With fees frozen, she has called for urgent action to ensure adequate provisions are made to prevent the collapse of the sector.

“The cost of running a childcare facility is at an all-time high, not only due to massive inflation but also ever-escalating wages, which account for 70 per cent of our costs,” said Ms Clince.

“Wages are rising due to increased competition to attract and retain qualified staff, yet under the scheme we are precluded from increasing fees from pre-Covid levels to meet these costs.

“While the government took a step in the right direction last year by implementing new minimum hourly rates for workers, there remains a huge discrepancy between the funding provided and the actual cost of employing high-quality staff.  

“If the government does not act fast to take a proper look at the situation on the ground and commit to fully understanding what is needed to help the sector, hundreds of settings will close.”

As growing numbers of professionals continue to leave the sector, increased competition for hiring has resulted in wages surpassing last September’s budget funding coverage.

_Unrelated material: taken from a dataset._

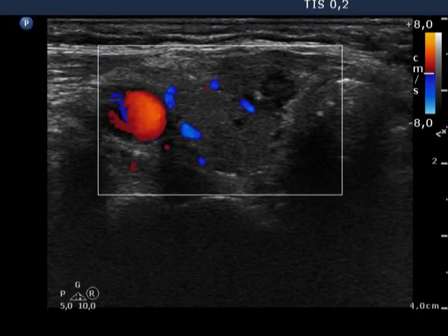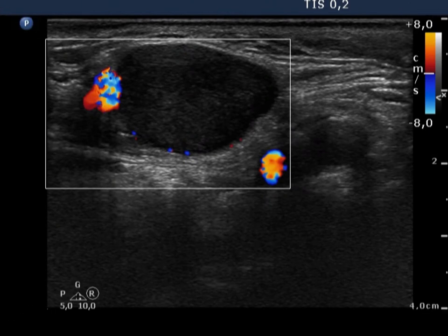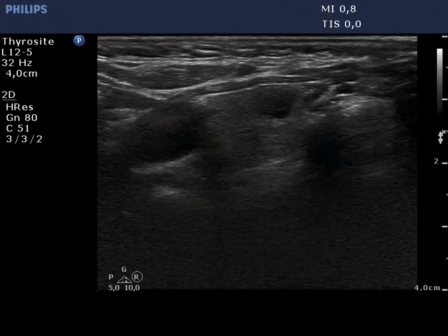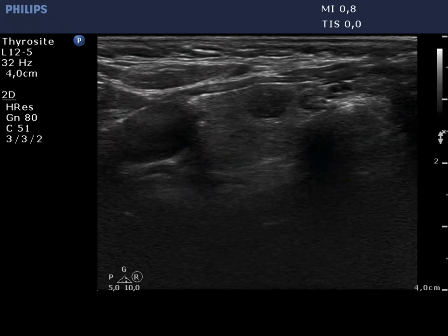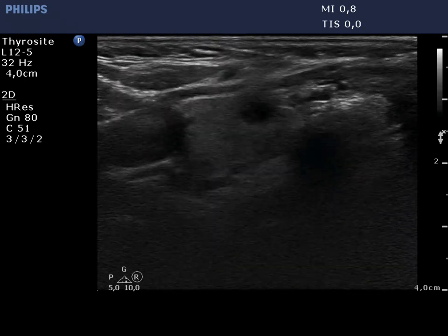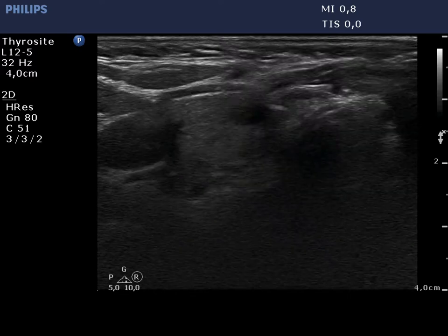The vascularization of the thyroid nodule is not specific, while the lymph node displays no circulation on Doppler mode. Finally, an ultrasound-guided aspiration from the thyroid nodule is presented.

“To keep services open and attract good people, we have to respond to wage demands as they stand today. The data used to determine the funding allocation in year one of the programme is no longer relevant, as the market has moved on and the recently announced funding package for year two is based on old data,” said Ms Clince.

The CEO criticised the government for its failure to meaningfully engage with the sector to find a solution.

“It’s crucial that we work together now to address these hurdles before they spiral out of control. Without immediate engagement and intervention, the viability of the childcare sector hangs precariously in the balance,” she concluded.